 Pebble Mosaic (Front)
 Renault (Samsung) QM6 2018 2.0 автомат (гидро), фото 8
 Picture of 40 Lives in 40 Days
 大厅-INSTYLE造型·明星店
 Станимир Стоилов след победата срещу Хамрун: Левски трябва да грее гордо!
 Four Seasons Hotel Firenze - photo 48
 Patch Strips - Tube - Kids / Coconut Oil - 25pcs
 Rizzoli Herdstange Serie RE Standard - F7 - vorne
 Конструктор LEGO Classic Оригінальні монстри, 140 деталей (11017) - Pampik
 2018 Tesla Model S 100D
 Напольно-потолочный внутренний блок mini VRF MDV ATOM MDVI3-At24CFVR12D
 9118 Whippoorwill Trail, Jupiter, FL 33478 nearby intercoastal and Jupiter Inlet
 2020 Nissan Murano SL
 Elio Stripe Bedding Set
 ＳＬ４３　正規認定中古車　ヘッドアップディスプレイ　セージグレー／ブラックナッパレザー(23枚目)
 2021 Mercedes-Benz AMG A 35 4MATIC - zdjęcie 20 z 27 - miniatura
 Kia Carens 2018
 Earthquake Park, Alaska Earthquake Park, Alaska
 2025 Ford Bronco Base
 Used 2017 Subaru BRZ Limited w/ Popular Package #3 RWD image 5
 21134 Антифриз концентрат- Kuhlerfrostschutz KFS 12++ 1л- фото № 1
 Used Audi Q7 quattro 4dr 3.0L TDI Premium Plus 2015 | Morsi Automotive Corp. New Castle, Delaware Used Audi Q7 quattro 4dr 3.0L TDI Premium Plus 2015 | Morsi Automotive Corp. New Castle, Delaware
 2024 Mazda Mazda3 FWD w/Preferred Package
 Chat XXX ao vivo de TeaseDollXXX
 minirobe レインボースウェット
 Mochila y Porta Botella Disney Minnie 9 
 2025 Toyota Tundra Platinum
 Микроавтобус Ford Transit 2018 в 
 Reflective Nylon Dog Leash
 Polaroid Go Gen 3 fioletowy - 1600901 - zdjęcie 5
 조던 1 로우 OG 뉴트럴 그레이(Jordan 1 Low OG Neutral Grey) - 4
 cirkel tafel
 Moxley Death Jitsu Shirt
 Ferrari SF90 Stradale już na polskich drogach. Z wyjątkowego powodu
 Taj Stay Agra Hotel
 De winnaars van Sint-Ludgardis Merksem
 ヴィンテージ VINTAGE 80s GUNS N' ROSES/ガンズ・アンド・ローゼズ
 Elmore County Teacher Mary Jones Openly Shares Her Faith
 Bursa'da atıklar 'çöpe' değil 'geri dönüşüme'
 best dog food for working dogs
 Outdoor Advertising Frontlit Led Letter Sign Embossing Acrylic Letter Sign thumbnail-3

▶ What you have to do:
When you reach the line that contains "2025 Ford Bronco Base", stop; output it and every line before it from the start of the data, exactly as written.

▶ Answer space:
 Pebble Mosaic (Front)
 Renault (Samsung) QM6 2018 2.0 автомат (гидро), фото 8
 Picture of 40 Lives in 40 Days
 大厅-INSTYLE造型·明星店
 Станимир Стоилов след победата срещу Хамрун: Левски трябва да грее гордо!
 Four Seasons Hotel Firenze - photo 48
 Patch Strips - Tube - Kids / Coconut Oil - 25pcs
 Rizzoli Herdstange Serie RE Standard - F7 - vorne
 Конструктор LEGO Classic Оригінальні монстри, 140 деталей (11017) - Pampik
 2018 Tesla Model S 100D
 Напольно-потолочный внутренний блок mini VRF MDV ATOM MDVI3-At24CFVR12D
 9118 Whippoorwill Trail, Jupiter, FL 33478 nearby intercoastal and Jupiter Inlet
 2020 Nissan Murano SL
 Elio Stripe Bedding Set
 ＳＬ４３　正規認定中古車　ヘッドアップディスプレイ　セージグレー／ブラックナッパレザー(23枚目)
 2021 Mercedes-Benz AMG A 35 4MATIC - zdjęcie 20 z 27 - miniatura
 Kia Carens 2018
 Earthquake Park, Alaska Earthquake Park, Alaska
 2025 Ford Bronco Base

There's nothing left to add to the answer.